• PROMPT:
Copy out every line of the data exactly; do not include the images.
++++++++++
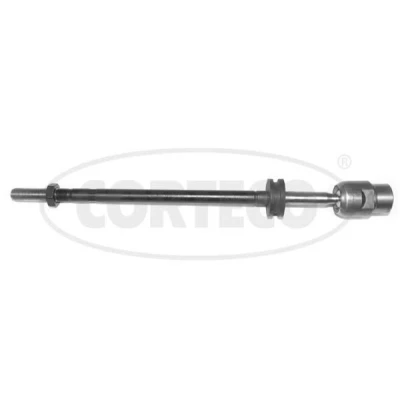 Kuva Raidetangon pää, suora, Etuakseli VW PASSAT B3/B4, B3/B4 Variant OE 357419803, 357419804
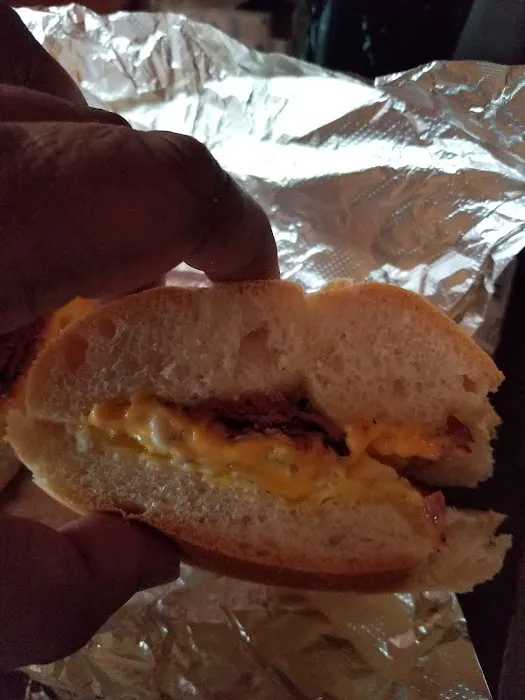 Goldberg Famous Bagels Picture 3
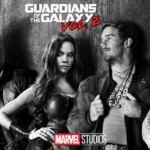 Guardians 2 Poster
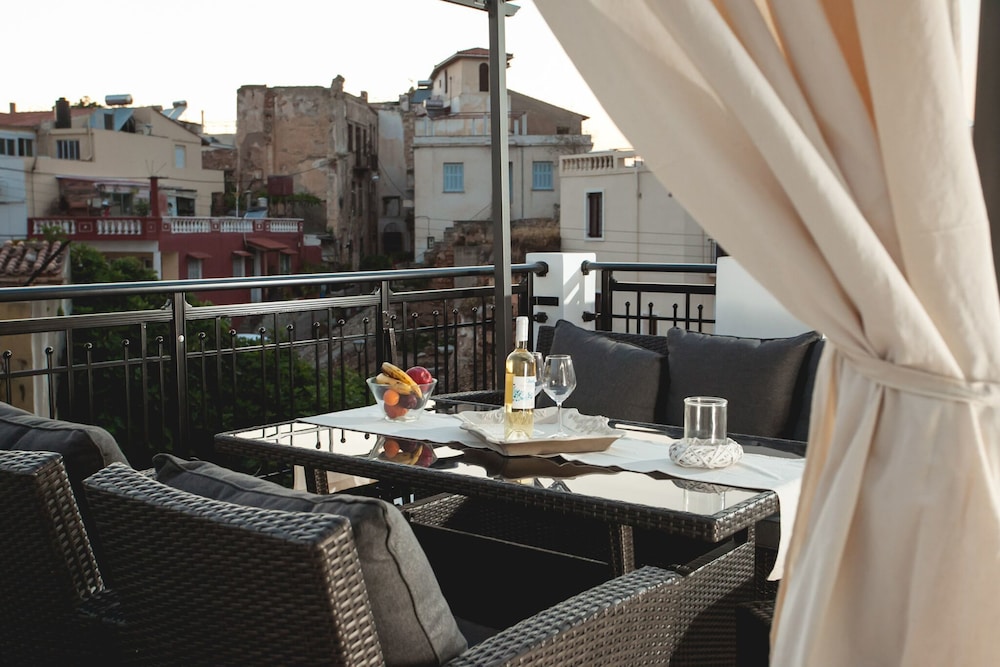 Nival Luxury Suites 39/50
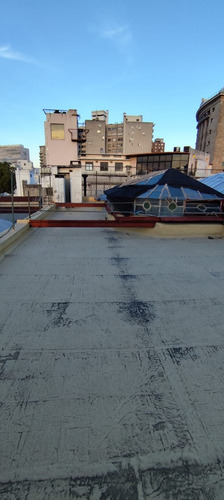 Estilo Art Noveau 132m2 Edif 3-4 Dorm 2 Baños Estar C/hogar Azotea Transitable!!!!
++++++++++
• RESPONSE AREA:
 Kuva Raidetangon pää, suora, Etuakseli VW PASSAT B3/B4, B3/B4 Variant OE 357419803, 357419804
 Goldberg Famous Bagels Picture 3
 Guardians 2 Poster
 Nival Luxury Suites 39/50
 Estilo Art Noveau 132m2 Edif 3-4 Dorm 2 Baños Estar C/hogar Azotea Transitable!!!!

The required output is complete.